**Problem to work on**: Look through the listing below for the line with "Áo Adidas 3 Stripes Tee Black CW1202 - Ảnh 5" and the line with "SANSI E12 LED". Copy both, along with every line between them, exactly and with no pictures.

**Task input**:
====

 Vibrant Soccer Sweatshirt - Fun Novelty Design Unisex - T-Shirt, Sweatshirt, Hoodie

====

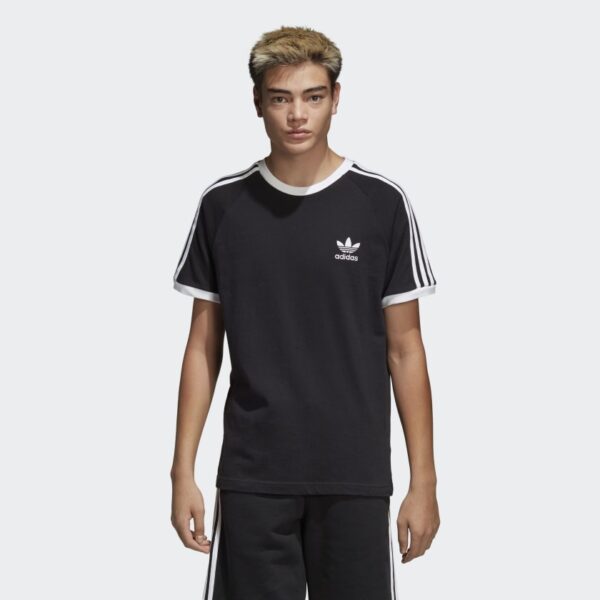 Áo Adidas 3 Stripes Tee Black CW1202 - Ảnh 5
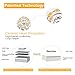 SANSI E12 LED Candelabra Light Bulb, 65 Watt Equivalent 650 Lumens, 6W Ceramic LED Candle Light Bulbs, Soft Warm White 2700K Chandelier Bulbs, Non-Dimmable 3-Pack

====

**Output of the task**:
 Áo Adidas 3 Stripes Tee Black CW1202 - Ảnh 5
 SANSI E12 LED Candelabra Light Bulb, 65 Watt Equivalent 650 Lumens, 6W Ceramic LED Candle Light Bulbs, Soft Warm White 2700K Chandelier Bulbs, Non-Dimmable 3-Pack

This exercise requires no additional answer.